What is required: Below are the entries. Print only the lines starting at the one with "Estudio Taller De" and ending at the one with "Khevsureti Shatili Georgia", exactly, with no pictures.

Given data:
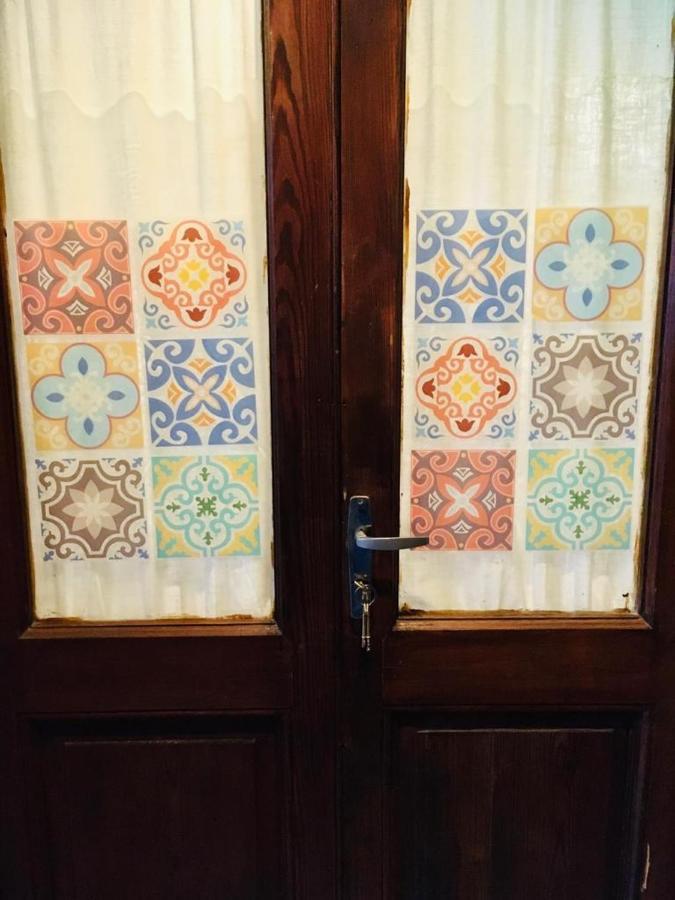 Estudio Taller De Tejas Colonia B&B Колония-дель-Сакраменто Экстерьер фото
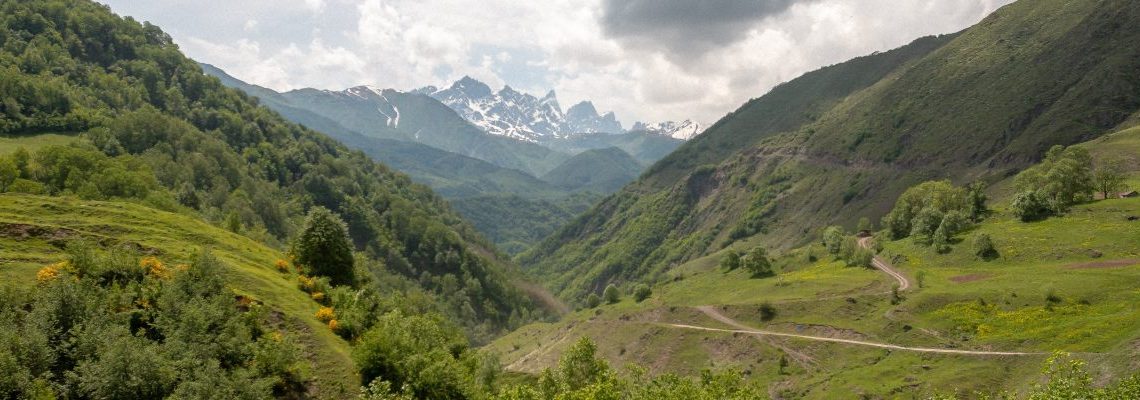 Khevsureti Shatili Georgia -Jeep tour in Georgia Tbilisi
---
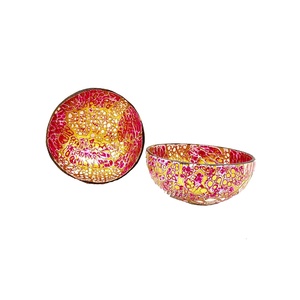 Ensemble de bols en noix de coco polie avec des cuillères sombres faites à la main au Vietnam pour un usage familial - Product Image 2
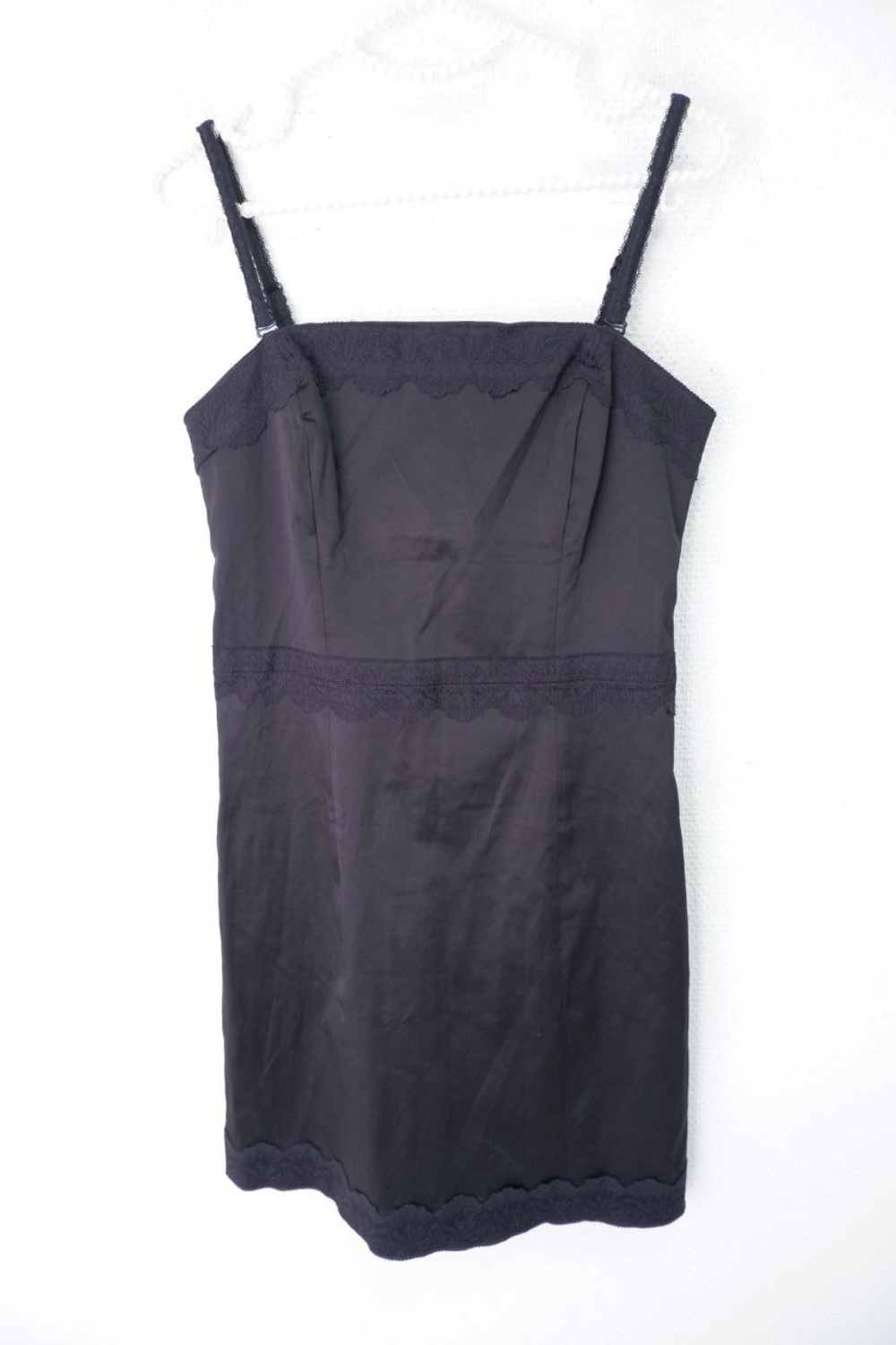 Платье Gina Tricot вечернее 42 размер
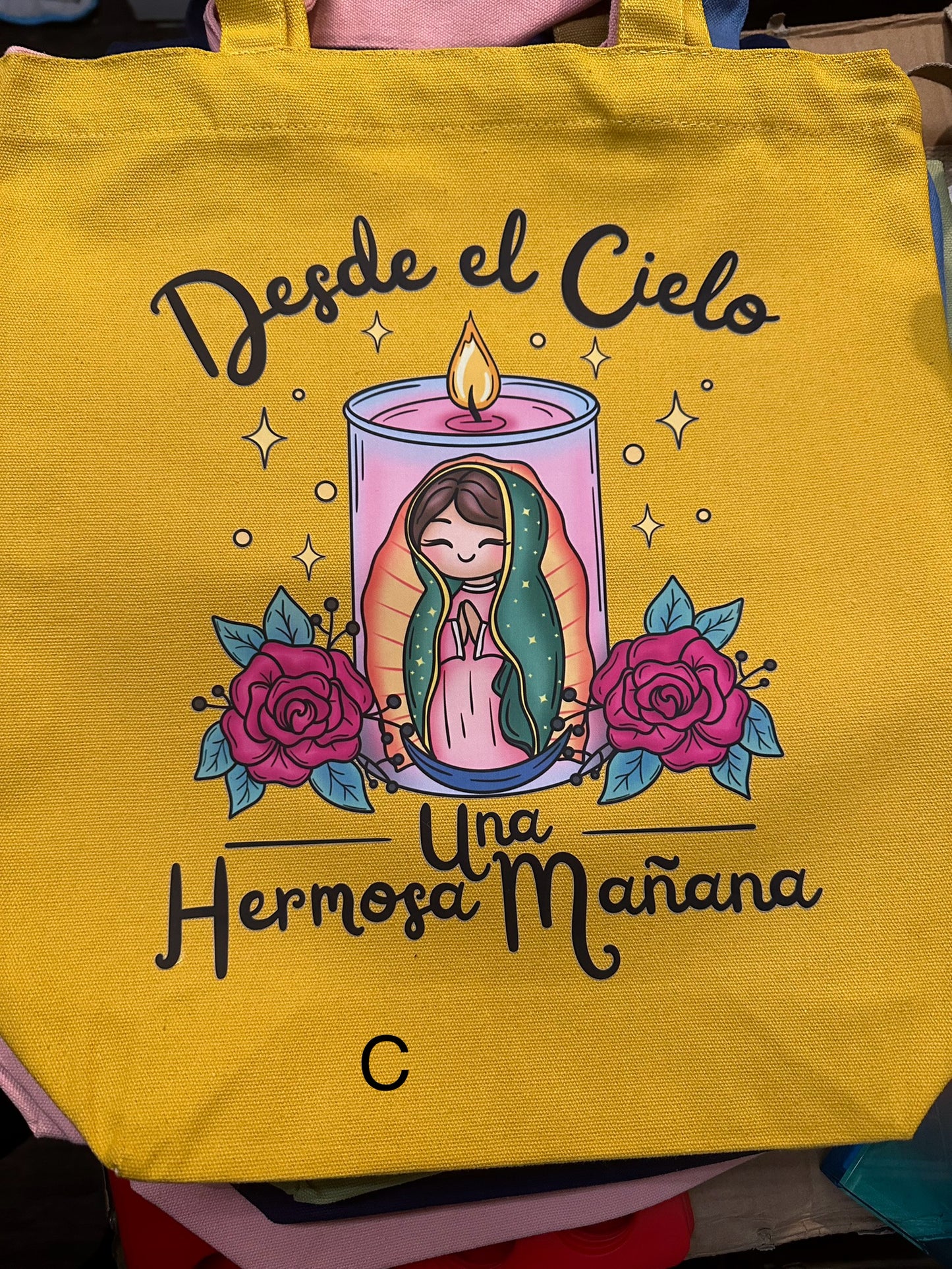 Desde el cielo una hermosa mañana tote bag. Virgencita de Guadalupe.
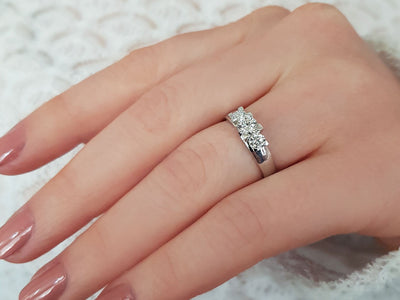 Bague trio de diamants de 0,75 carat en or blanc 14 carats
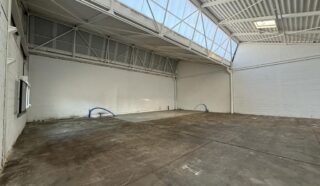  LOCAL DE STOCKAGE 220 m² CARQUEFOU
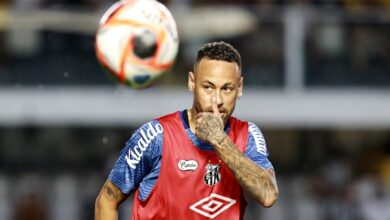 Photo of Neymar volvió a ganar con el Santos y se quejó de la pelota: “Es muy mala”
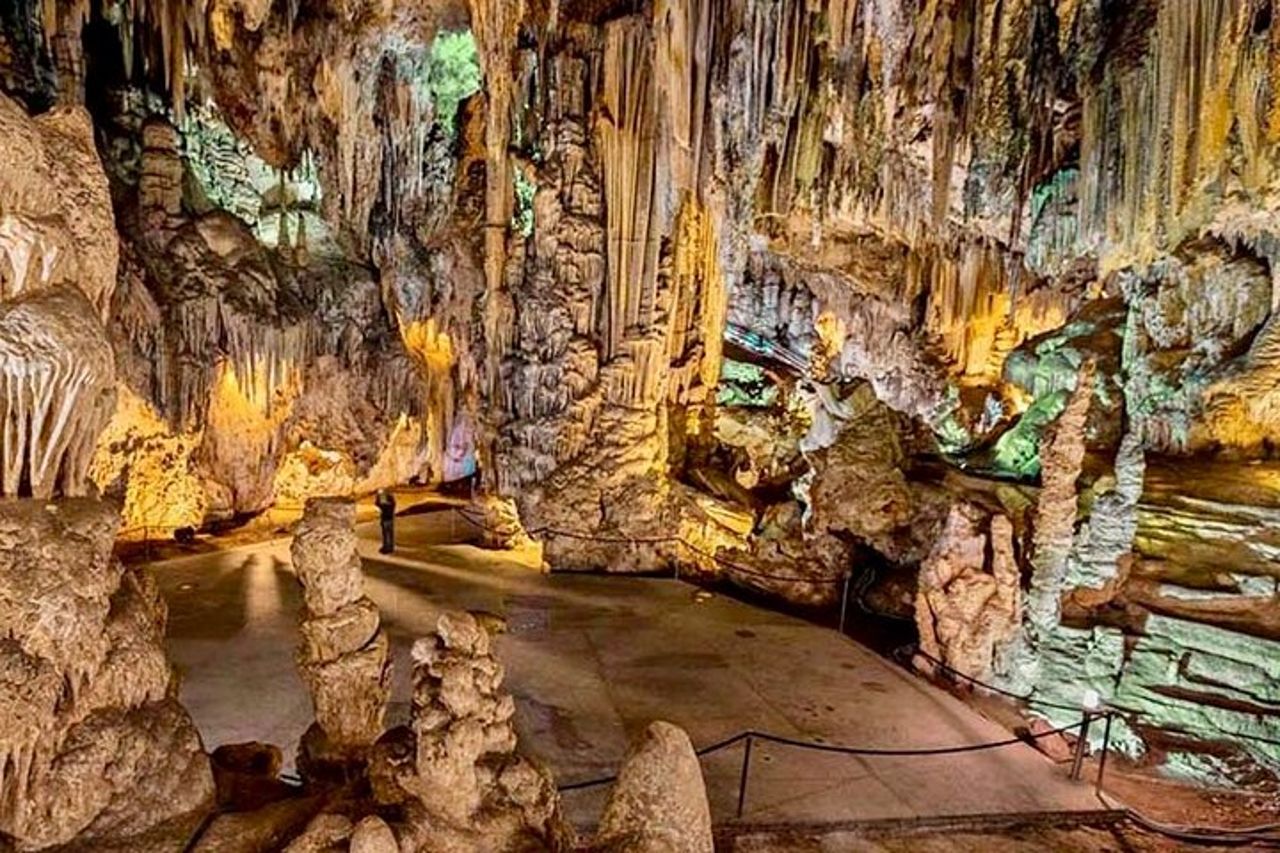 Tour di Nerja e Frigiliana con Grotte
--
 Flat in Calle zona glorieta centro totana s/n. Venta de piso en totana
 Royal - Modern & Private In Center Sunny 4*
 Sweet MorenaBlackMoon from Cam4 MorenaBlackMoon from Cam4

Exercise output:
 Estudio Taller De Tejas Colonia B&B Колония-дель-Сакраменто Экстерьер фото
 Khevsureti Shatili Georgia -Jeep tour in Georgia Tbilisi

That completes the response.